Invented in the lab of William Dichtel, assistant professor of chemistry and chemical biology, the new material was discovered by accident. Dichtel’s general research interest is in two-dimensional polymers, which are extremely orderly in their molecular pattern. While attempting to discover a new two-dimensional polymer, Duchel and graduate student Deepti Gopalakrishnan found this new material, which does not have the same type of orderly structure, but turned out to be perfect for RDX detection.

The researchers’ work relies on a previously established technology that uses “fluorescence quenching” as the basis for detecting TNT. The polymer has a random, cross-linked structure that allows it to absorb light and transport the resulting energy throughout its structure.
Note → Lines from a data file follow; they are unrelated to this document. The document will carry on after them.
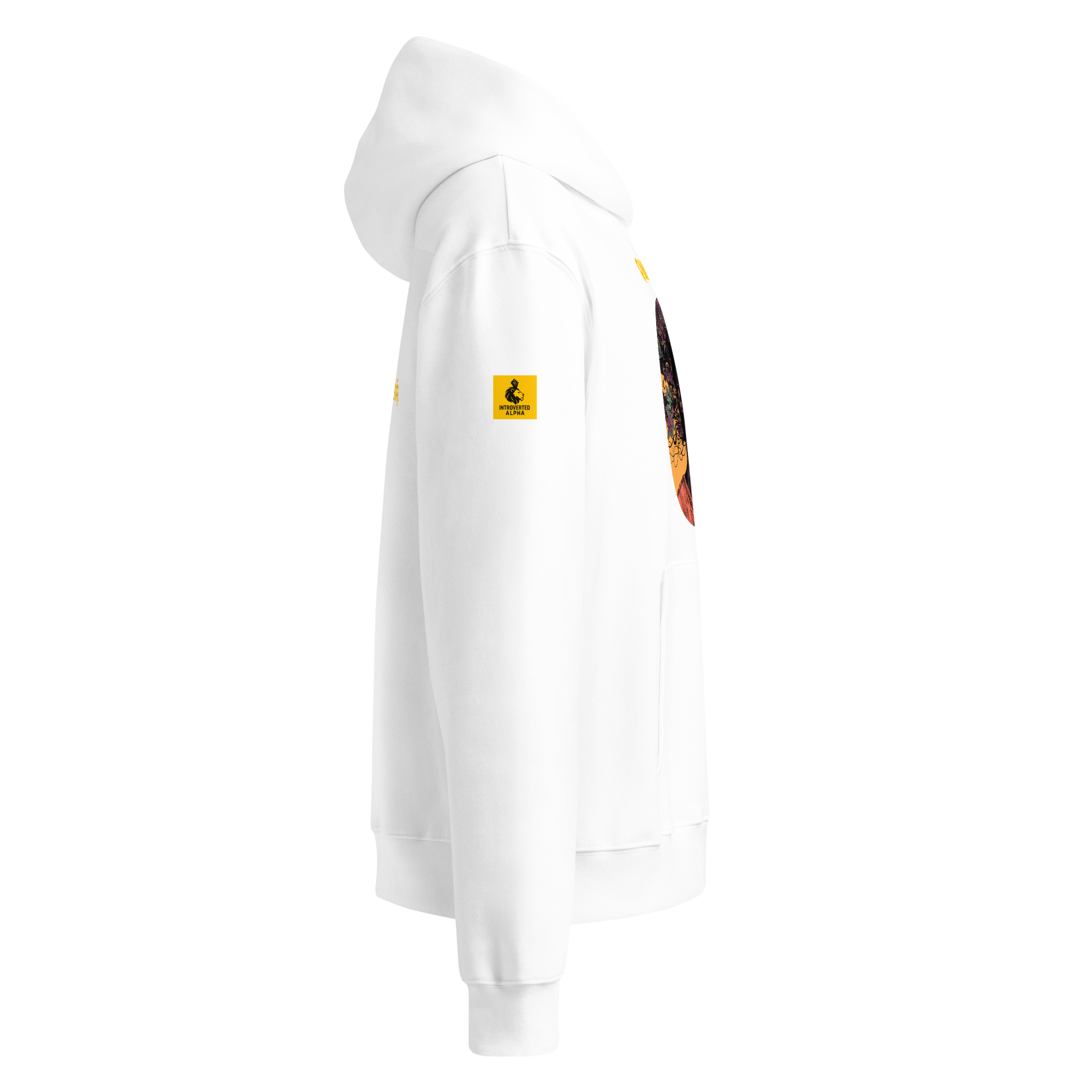 IntrovertedAlpha™ Oversized Hoodie in White for men, crisp minimalist oversized hoodie with premium streetwear appeal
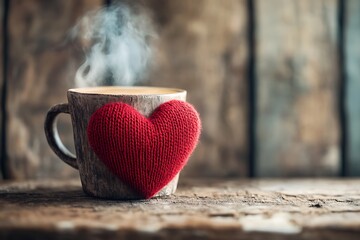 Wall Mural - Close-up of a red heart coffee cup sleeve on a rustic caf?(C) table, capturing the steam rising from a fresh brew.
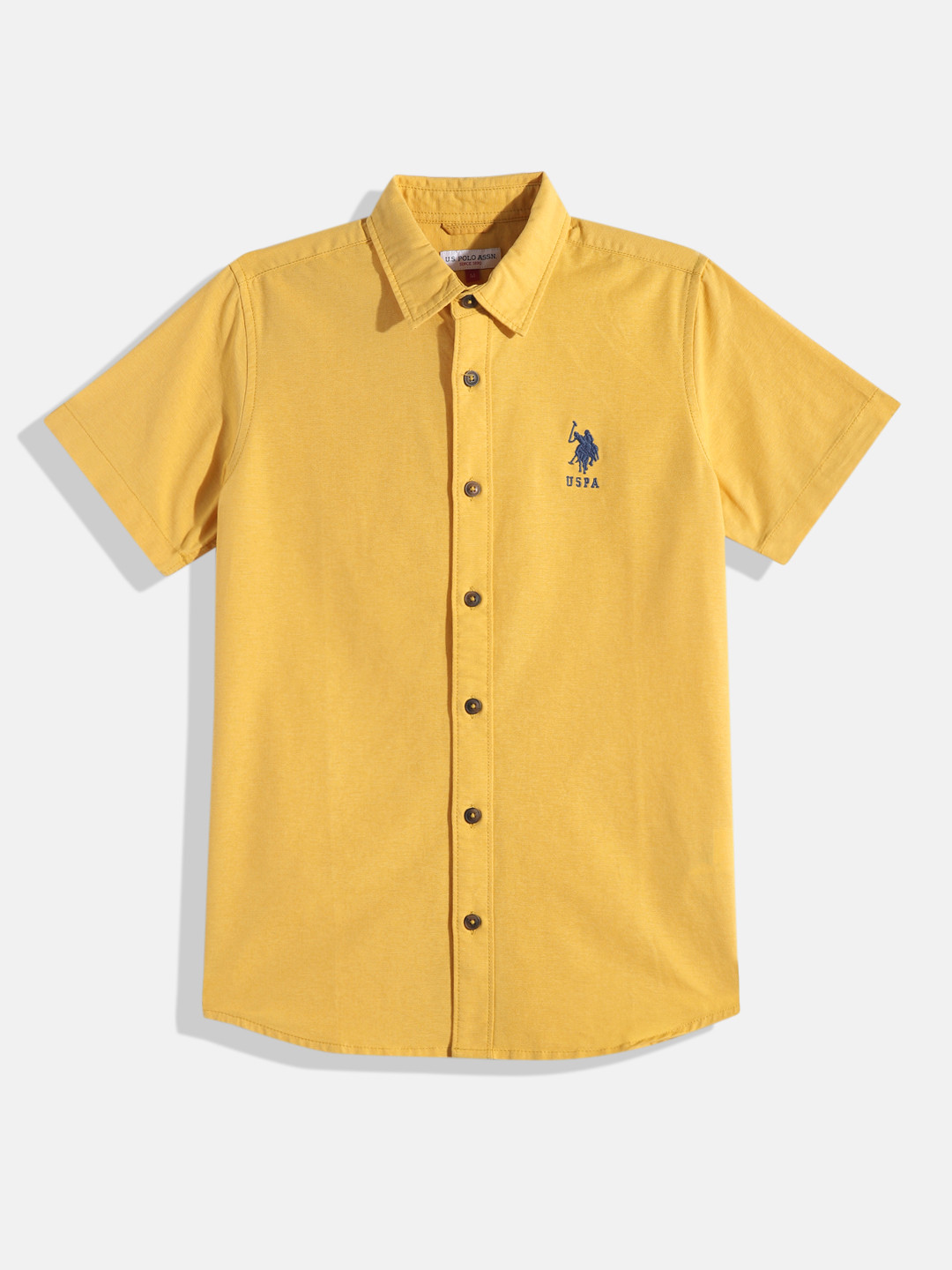 

U.S. Polo Assn. Kids Boys Solid Pure Cotton Casual Shirt, Yellow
After a certain period of time, the polymer releases this accumulated energy as light, a process known as fluorescence.

When it reacts in the presence of the explosive, the polymer’s fluorescence shuts off, thus allowing quick and accurate detection if RDX is present on a surface or in the air. This phenomenon occurs when accumulated energy encounters a molecule of explosive as it travels through the polymer, thus converting into heat rather than light and causing the polymer to stop glowing.
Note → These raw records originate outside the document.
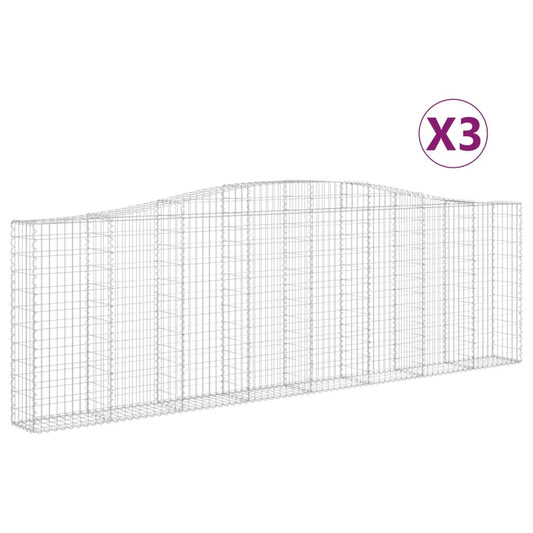 vidaXL Συρματοκιβώτια Τοξωτά 3 τεμ. 400x30x120/140 εκ. Γαλβαν. Ατσάλι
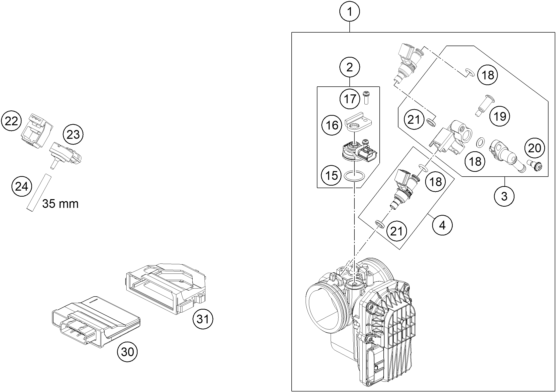 vue éclatée corps du clapet d'étranglement - gasgas sm 700 us 2023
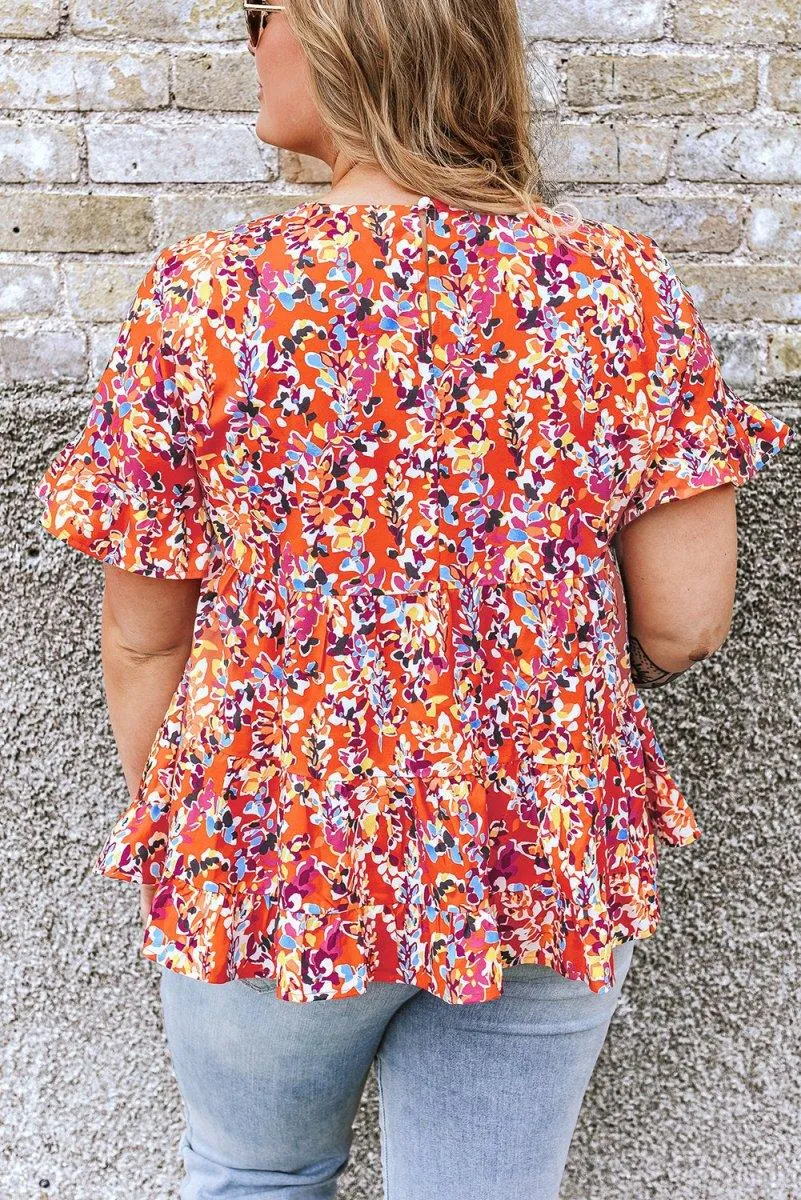 Orange Floral Ruffled Plus Size Babydoll Blouse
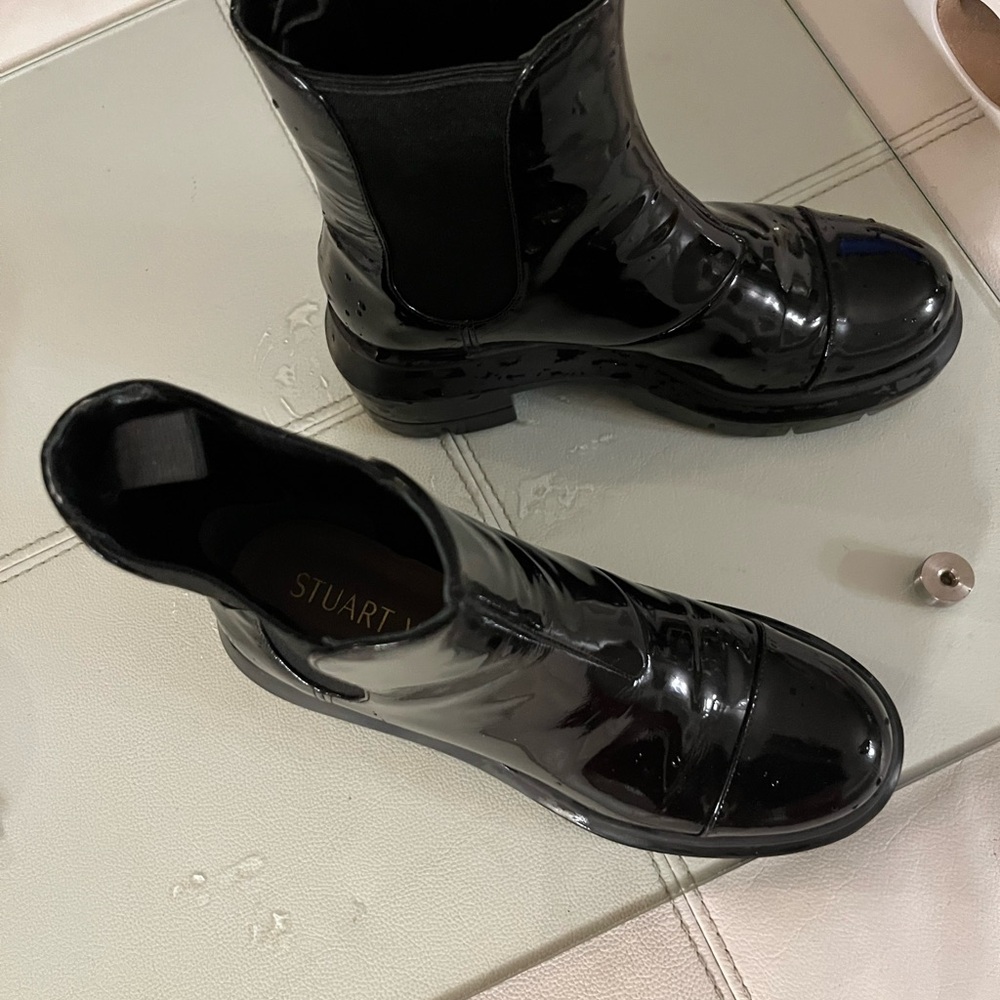 Stuart Weitzman Glossy Black Combat Boots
This design allows the polymer fluorescence to sense extremely small amounts of the explosive of interest, enabling identification of IEDs or people who have recently handled them. One of the goals Cornell researchers have set is to make detectors that can detect not just explosives on someone’s hands, but in the cloud around them thus allowing detection of explosives in bags without opening them.
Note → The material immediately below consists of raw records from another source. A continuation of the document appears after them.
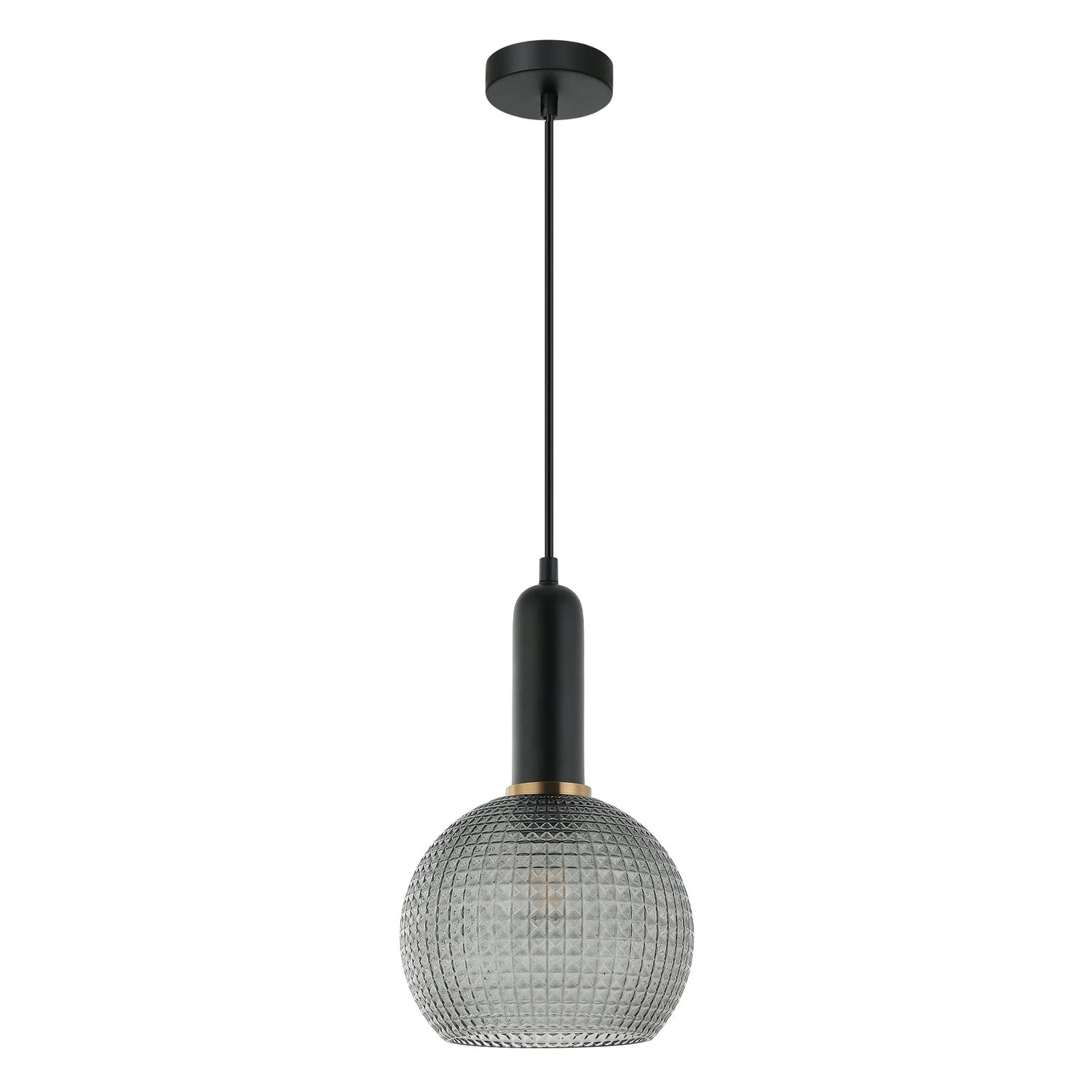 Pelota 1 Black and Smoke with Brass Modern Round Pendant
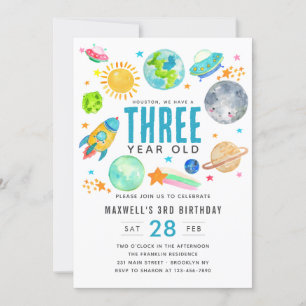 Sun Mocket Kid Birthday Party im Weltraum Einladung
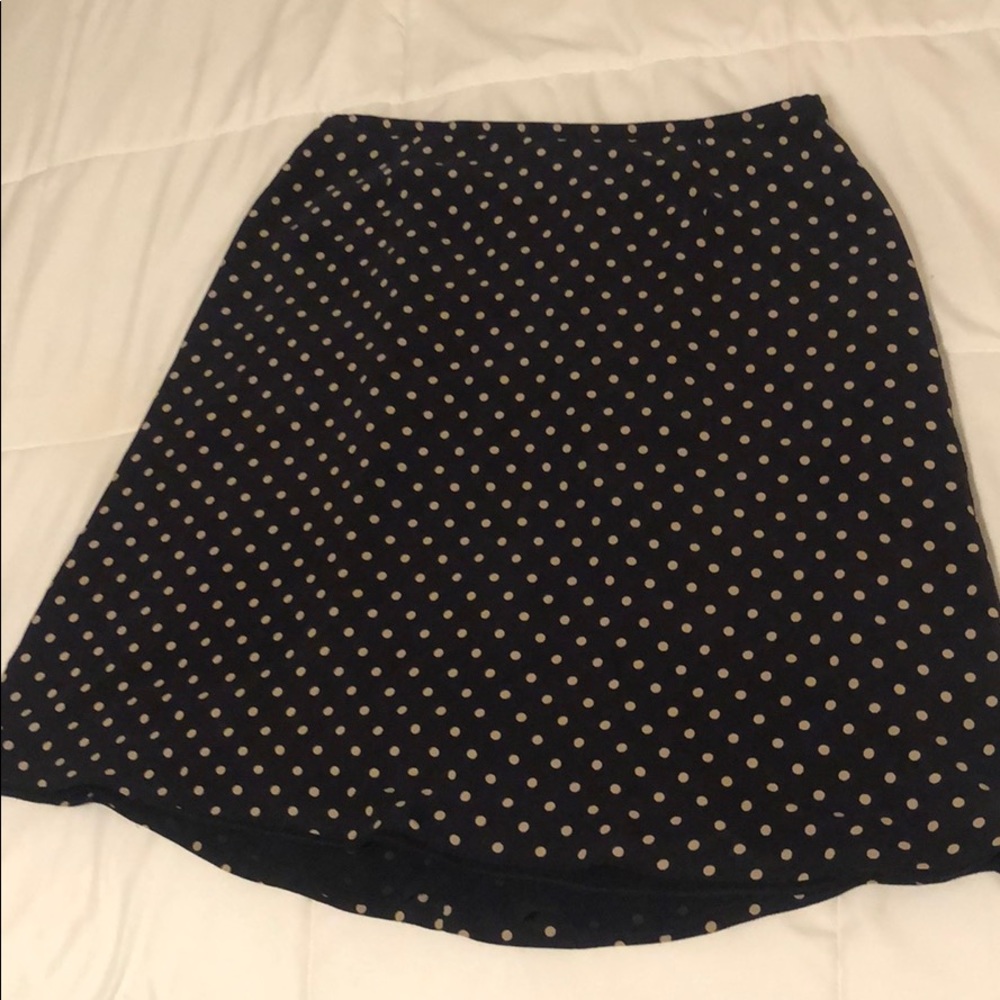 Talbots navy polka dot skirt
The polymer network also responds to TNT and PETN similarly introduced from solution or the vapor phase. The researchers also experimented with other chemicals, such as those found in lipstick and sunscreen, to rule out false positives. Pure solvents, volatile amines, and the outgassed vapors from lipstick or sunscreen do not quench polymer fluorescence.

The established success of TNT sensors based on fluorescence quenching makes this a material of interest for real-world explosive sensors and will motivate further interest in cross-linked polymers and framework materials for sensing applications.